- _Exercise brief_: From the data below, set down exactly the lines between the one holding "Terracotta Brick Wall" and the one holding "Load image into Gallery viewer, Person", inclusive, and no others.

- _Source material_:
------------------------------------------------------------

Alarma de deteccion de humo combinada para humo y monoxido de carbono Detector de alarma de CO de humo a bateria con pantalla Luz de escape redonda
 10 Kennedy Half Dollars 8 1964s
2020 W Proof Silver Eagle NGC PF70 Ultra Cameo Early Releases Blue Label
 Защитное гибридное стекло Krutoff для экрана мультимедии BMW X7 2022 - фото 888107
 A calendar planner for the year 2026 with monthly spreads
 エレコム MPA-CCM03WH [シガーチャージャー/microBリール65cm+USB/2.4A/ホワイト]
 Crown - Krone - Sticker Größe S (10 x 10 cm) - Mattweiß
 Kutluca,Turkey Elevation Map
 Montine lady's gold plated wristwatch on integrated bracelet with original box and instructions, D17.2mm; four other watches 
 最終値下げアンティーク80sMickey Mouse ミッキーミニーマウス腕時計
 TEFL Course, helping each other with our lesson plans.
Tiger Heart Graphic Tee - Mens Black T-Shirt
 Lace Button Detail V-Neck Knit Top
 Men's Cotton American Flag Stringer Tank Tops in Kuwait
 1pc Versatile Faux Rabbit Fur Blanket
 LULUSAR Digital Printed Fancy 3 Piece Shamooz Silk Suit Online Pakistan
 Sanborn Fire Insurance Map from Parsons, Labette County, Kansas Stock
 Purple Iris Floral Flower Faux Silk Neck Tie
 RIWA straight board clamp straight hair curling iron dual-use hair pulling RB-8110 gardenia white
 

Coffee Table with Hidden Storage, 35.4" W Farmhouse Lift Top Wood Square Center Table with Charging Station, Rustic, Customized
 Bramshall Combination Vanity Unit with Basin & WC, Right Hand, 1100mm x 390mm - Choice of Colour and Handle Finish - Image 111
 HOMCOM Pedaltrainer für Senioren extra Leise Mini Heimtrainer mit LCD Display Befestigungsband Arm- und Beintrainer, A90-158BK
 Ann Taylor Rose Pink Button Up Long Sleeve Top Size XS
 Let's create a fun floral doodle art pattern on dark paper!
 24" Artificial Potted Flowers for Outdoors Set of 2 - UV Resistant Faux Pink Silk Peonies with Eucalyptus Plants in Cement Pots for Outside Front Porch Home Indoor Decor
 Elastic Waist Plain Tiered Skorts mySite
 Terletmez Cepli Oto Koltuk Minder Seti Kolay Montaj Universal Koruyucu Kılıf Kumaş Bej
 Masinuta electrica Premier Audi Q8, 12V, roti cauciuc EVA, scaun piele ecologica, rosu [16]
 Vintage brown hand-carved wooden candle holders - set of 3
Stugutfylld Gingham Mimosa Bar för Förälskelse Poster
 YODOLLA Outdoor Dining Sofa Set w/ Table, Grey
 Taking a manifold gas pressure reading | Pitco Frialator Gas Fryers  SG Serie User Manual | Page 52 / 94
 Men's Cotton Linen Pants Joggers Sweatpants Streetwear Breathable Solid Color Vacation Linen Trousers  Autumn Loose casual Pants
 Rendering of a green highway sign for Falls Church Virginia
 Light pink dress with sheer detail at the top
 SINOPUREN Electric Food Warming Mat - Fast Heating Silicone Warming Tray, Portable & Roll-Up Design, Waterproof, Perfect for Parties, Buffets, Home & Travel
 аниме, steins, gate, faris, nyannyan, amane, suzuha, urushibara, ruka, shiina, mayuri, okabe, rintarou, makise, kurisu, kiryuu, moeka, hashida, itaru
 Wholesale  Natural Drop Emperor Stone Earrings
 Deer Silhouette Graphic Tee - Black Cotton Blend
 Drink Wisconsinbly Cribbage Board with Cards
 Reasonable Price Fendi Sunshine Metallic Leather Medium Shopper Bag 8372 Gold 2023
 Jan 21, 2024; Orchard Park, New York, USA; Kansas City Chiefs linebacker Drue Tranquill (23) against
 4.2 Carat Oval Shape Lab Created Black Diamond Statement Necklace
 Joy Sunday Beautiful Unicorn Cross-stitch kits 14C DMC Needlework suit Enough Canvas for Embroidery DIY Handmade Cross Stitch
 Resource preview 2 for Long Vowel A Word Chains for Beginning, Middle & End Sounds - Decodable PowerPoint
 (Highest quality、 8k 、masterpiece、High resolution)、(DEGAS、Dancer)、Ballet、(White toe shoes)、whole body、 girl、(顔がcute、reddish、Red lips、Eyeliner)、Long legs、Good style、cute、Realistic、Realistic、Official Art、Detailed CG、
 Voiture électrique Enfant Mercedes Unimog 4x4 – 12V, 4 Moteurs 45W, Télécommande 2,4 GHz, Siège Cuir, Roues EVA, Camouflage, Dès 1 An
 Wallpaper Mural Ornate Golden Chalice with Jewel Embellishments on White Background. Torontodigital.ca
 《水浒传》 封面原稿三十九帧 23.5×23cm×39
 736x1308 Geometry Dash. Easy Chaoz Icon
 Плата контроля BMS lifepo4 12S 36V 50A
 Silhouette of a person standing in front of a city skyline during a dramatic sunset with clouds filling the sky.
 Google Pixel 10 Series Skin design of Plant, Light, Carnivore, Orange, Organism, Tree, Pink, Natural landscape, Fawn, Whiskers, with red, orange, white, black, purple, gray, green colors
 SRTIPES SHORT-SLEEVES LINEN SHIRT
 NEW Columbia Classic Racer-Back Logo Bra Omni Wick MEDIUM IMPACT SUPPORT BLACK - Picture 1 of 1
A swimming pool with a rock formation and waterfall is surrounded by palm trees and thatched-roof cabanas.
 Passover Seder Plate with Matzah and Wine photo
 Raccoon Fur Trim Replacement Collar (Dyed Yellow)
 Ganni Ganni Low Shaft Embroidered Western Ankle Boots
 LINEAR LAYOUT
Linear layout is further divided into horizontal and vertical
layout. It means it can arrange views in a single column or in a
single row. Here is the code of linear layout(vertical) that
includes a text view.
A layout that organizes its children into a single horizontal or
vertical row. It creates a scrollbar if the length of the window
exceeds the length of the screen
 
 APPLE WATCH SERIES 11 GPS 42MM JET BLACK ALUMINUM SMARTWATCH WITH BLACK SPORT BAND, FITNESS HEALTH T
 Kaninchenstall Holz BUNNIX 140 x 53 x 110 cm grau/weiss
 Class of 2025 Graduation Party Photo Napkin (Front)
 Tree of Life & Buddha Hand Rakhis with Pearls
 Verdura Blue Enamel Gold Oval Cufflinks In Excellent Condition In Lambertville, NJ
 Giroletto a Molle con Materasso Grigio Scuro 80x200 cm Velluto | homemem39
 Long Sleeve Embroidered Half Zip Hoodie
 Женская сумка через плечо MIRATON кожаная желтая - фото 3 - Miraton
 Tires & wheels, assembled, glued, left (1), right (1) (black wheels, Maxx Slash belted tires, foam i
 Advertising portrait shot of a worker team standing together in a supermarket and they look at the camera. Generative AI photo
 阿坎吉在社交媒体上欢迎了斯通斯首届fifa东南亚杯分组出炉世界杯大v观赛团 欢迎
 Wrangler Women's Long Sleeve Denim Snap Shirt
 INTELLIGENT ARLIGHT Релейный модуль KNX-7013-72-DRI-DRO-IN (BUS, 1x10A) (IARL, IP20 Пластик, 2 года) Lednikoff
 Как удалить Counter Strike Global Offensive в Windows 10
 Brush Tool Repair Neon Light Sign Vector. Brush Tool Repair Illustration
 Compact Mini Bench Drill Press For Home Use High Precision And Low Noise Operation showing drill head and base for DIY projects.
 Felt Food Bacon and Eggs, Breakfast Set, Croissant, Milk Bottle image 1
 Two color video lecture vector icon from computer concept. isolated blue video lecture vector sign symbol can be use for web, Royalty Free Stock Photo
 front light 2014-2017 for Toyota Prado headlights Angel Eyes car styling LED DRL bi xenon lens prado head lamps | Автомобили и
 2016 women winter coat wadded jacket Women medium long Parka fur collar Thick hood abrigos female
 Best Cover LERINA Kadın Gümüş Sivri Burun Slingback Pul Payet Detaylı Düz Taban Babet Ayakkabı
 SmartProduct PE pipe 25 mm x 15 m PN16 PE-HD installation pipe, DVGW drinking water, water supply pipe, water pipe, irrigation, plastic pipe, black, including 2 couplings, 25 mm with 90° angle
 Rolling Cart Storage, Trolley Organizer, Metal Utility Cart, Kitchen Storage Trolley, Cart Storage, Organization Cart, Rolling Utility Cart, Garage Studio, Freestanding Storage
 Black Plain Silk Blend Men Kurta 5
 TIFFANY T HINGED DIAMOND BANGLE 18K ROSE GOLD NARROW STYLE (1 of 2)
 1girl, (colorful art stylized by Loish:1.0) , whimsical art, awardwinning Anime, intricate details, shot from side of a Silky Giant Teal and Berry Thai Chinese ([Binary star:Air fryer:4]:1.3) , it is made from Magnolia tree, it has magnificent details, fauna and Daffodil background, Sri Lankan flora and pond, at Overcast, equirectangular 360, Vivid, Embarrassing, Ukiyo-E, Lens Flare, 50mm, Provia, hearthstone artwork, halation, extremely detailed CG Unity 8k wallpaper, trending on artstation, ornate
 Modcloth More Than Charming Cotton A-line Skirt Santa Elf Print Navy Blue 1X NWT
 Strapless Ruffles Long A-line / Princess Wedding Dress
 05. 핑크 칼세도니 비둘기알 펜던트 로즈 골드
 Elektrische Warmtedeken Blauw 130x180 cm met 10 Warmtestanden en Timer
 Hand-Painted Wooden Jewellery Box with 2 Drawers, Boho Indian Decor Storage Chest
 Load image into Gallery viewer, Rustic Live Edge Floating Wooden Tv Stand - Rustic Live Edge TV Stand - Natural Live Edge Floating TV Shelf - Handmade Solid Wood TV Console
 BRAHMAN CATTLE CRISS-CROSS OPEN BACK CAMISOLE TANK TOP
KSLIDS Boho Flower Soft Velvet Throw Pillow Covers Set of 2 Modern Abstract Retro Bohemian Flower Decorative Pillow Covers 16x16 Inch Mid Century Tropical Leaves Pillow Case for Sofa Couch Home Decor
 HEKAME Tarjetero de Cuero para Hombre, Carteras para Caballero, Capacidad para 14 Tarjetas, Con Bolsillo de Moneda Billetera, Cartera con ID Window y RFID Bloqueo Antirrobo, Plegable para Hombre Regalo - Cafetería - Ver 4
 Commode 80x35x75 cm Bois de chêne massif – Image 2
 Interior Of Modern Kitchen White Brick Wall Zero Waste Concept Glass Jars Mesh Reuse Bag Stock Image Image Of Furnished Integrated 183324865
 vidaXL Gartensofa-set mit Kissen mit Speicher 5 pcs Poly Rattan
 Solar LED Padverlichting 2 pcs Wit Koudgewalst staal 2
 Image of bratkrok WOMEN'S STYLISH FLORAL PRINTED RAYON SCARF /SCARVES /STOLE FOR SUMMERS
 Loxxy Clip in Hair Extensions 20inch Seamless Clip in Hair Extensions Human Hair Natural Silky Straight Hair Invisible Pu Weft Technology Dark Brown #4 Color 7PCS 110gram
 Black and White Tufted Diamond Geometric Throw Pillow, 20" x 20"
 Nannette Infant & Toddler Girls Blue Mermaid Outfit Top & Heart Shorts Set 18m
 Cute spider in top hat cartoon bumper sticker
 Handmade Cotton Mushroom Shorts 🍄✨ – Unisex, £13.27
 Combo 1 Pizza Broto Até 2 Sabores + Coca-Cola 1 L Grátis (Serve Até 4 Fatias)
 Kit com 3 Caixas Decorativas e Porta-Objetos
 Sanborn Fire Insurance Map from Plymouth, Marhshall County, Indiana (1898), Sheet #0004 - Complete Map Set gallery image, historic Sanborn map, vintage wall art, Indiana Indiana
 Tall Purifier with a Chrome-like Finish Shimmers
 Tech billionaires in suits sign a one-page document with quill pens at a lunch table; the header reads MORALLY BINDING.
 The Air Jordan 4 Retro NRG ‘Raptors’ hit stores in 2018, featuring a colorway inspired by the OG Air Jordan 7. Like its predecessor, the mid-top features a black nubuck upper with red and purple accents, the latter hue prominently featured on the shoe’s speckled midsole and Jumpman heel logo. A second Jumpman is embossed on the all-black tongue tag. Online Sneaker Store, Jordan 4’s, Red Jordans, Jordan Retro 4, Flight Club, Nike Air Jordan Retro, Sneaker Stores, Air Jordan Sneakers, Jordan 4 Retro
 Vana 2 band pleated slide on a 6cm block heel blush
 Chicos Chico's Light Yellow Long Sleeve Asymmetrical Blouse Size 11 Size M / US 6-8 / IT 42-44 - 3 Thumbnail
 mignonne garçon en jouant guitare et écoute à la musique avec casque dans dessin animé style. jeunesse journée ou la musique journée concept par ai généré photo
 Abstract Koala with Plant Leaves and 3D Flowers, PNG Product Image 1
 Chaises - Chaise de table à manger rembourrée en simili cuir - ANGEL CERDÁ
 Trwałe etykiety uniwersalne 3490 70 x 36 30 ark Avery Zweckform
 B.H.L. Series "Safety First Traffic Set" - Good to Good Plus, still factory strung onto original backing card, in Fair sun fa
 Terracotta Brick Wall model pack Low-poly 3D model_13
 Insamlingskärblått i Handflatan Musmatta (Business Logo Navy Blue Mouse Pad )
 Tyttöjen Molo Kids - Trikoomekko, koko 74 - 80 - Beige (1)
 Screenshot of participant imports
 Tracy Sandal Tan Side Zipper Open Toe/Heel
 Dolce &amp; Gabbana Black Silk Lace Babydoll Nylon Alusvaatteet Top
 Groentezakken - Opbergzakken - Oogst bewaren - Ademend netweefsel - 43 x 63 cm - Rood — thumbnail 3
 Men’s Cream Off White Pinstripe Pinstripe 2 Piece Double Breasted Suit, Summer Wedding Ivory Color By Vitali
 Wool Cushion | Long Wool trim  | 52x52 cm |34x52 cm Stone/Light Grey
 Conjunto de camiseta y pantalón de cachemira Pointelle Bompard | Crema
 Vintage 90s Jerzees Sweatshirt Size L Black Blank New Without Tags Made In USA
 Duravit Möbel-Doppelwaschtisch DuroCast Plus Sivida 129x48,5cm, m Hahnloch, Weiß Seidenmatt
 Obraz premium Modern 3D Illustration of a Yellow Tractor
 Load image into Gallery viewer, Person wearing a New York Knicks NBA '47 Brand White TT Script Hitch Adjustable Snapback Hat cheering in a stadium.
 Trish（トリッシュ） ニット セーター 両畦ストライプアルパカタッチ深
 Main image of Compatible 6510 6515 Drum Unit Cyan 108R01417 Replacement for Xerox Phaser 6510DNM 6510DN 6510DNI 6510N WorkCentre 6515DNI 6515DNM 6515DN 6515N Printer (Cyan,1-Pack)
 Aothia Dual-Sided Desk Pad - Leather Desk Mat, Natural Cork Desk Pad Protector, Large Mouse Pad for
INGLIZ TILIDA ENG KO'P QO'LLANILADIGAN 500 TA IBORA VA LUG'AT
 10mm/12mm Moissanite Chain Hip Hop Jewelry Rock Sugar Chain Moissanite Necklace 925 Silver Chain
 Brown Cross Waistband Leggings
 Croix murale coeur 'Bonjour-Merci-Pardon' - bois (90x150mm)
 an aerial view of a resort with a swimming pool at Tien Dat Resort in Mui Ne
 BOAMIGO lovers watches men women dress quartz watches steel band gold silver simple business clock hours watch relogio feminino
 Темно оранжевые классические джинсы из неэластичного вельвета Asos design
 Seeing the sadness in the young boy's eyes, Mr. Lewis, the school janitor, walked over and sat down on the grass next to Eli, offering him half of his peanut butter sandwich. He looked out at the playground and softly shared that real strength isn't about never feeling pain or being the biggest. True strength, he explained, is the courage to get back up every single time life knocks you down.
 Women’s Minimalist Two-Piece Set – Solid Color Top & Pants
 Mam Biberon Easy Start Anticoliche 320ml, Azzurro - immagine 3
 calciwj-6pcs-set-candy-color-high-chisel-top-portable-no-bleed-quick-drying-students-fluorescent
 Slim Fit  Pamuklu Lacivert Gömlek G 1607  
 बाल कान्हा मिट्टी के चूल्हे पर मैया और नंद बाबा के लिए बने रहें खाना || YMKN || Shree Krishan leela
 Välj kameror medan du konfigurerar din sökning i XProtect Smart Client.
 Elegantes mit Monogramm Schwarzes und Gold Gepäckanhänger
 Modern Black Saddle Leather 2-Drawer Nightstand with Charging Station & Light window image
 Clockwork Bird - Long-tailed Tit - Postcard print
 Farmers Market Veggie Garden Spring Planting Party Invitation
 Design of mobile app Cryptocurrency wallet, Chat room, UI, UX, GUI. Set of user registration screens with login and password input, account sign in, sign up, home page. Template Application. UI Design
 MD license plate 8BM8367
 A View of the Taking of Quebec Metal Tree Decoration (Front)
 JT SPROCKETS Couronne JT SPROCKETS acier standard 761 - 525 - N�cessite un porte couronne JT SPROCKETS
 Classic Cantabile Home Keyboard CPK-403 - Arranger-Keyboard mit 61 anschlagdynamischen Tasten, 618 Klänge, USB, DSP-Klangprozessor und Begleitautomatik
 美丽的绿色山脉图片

------------------------------------------------------------

- _Your solution_:
 Terracotta Brick Wall model pack Low-poly 3D model_13
 Insamlingskärblått i Handflatan Musmatta (Business Logo Navy Blue Mouse Pad )
 Tyttöjen Molo Kids - Trikoomekko, koko 74 - 80 - Beige (1)
 Screenshot of participant imports
 Tracy Sandal Tan Side Zipper Open Toe/Heel
 Dolce &amp; Gabbana Black Silk Lace Babydoll Nylon Alusvaatteet Top
 Groentezakken - Opbergzakken - Oogst bewaren - Ademend netweefsel - 43 x 63 cm - Rood — thumbnail 3
 Men’s Cream Off White Pinstripe Pinstripe 2 Piece Double Breasted Suit, Summer Wedding Ivory Color By Vitali
 Wool Cushion | Long Wool trim  | 52x52 cm |34x52 cm Stone/Light Grey
 Conjunto de camiseta y pantalón de cachemira Pointelle Bompard | Crema
 Vintage 90s Jerzees Sweatshirt Size L Black Blank New Without Tags Made In USA
 Duravit Möbel-Doppelwaschtisch DuroCast Plus Sivida 129x48,5cm, m Hahnloch, Weiß Seidenmatt
 Obraz premium Modern 3D Illustration of a Yellow Tractor
 Load image into Gallery viewer, Person wearing a New York Knicks NBA '47 Brand White TT Script Hitch Adjustable Snapback Hat cheering in a stadium.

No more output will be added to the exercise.